A prototype of a polyphonic analog synth, built by Moog Music in 1983, which never went into production. The SL-8 was intended to be a less expensive synth than the Memorymoog, to compete against the Juno-60 and Prophet-600, but also fix the reliability and tuning stability problems that the Memorymoog suffered from.

The SL-8 nomenclature came from the fact that it would have had 8 voices and bitimbral capability, with each timbre controlled from half of a split keyboard. The voice architecture consisted of one DCO, with a second slave oscillator that could be sync'ed to the DCO in various ways to produce complex timbres. A classic Moog transistor ladder VCF and a Curtis VCA completed the basic voice signal path, and the synth had a built-in chorus effect with programmable rate and depth. The synth had patch memory with 100 locations, and built-in sequencer and arpeggiator capability. All of this was controlled by, and the DCO timing came from, a Texas Instruments TMS 99/4 16-bit microprocessor, which would have made the SL-8 one of the first synths to use 16-bit processing. This also allowed for greater precision in patch parameter digitizing, compared to the competing synths from Roland, Sequential Circuits, and Korg.

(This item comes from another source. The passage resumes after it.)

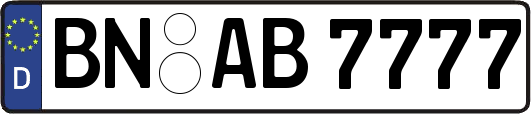 BN-AB7777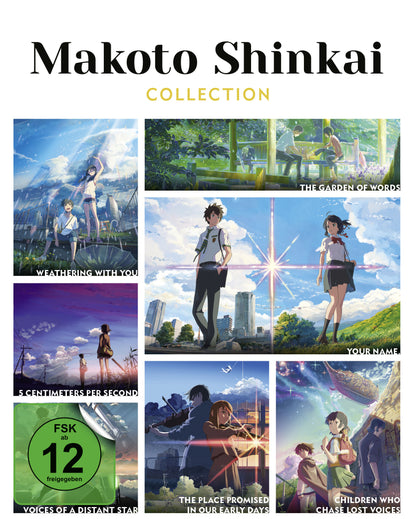 Makoto Shinkai Collection Blu-ray (Special Edition)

One prototype was built, and exhibited at the 1983 NAMM show (with the microprocessor replaced with a TMS 9900 in-circuit emulator and development system, discreetly concealed behind a partition). At the same show, Yamaha introduced the DX7. The Moog personnel listened to demonstrations of the DX7 and concluded that the SL-8 could not compete on either features or price. Moog made a decision to not put the SL-8 into production and to terminate further synth development; this marked the beginning of the end for the original Moog Music. The circuit guts and operating system source code disappeared at some point before Moog's liquidation, and no recordings of the SL-8 are known to survive. The case and panel were saved by an employee, who has since donated them to the Audities Foundation.